By necessity, art and politics remained intertwined in their community-oriented plays, which began to grow in length and scope: "In our case, art is political, simply by the fact that we can do art--that we can become singers and actors as an alternative to becoming farmers. We didn't even call ourselves actors--we were all volunteers in the beginning, and it took twenty years before anyone would even broach the subject of being actors."

But actors they were: A classic case of being in the right place at the right time, the subversive yet community-connected ensemble was embraced by student activists inspired by the group's open, mobile propagandist nature. "Universities became our stronghold," Valdez says. They toured extensively--to the nation's campuses, to the Newport Folk Festival, to the International Theater Festival in Nancy, France, and even to Washington, D.C., where they were invited to perform before the House Subcommittee for Migrant Labor.

"We were completely independent, making it on our own," Valdez attests. "It was a company held together with spit and glue--we were put together by necessity, but that led us to realize we could finally make a living." Beyond their initial adherence to union causes, they took up new ones, including the anti-war movement.
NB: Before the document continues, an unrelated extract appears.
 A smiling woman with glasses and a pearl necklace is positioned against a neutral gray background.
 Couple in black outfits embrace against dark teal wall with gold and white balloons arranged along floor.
Eventually, the Valdez brothers eased into filmmaking, a medium Danny says was a natural step, considering the extreme visual quality of their live work. The first film, I Am Joaquin, was based on the classic poem of Chicano literature by Denver activist Corky Gonzalez; Luis went on to write and direct Zoot Suit, the screen version of his play, with Danny starring opposite Edward James Olmos, and La Bamba, the infectious Hollywood screen bio of '50s rocker Richie Valens, with Lou Diamond Phillips in the title role.

The raw kid in Delano had found a calling that had taken him not only across the country and to Europe, but into an artful personal maturity. "It was a hell of a stretch from San Jose all the way to Paris," Valdez notes. "And it continued for the next thirty years." His ensuing career as a screen actor, recording artist, musical director and playwright lands him in Denver this month, where El Centro Su Teatro will present a free outdoor screening of Zoot Suit and a live concert reprising songs inspired by the Chicano movement from his 1974 album Mestizo and tunes performed with Linda Ronstadt as part of her Canciones de Mi Padre project, as well as new material.

And though music remains his first love (he's re-released a 25-year anniversary edition of Mestizo and is at work on a new compilation of work he's done since then), Renaissance man Valdez is still writing plays and helping his brother oversee new Teatro Campesino projects, including stage versions of Zoot Suit and La Bamba. It also figures into his relationship with Su Teatro and its artistic director, Tony Garcia, which have long been Denver's link in the political theater movement begun in Delano so many years ago.

"I've known Tony for twenty years," Valdez avows. "We've been comrades in theater--we saw each other's work and worked together in festivals. This year, we decided to try and collaborate on a Chicano version of Orpheus, using the Day of the Dead as a metaphor for the whole play. It's an attempt to bring a classic piece to a community that wouldn't be exposed to it otherwise."

They hope to mount the play, Journey Through Mictlan, in Denver next spring, perhaps during a proposed year-long residency with El Centro Su Teatro by Valdez, who's enthusiastic not only about the possibility, but about the area's open-minded palate for art. "The audience here has always been ready to listen," he says. "Colorado doesn't have the same confused complexities as California. The cultural struggle is still very clear--you can still take note of what's going on in the rest of the country in Colorado."

--Froyd

Zoot Suit, free screening at dusk August 4, NEWSED Building, 1029 Santa Fe Drive. Danny Valdez in concert, 8 p.m. August 6, Tivoli Turnhalle, Tivoli Student Center, Auraria campus, $13-$20, 303-296-0219.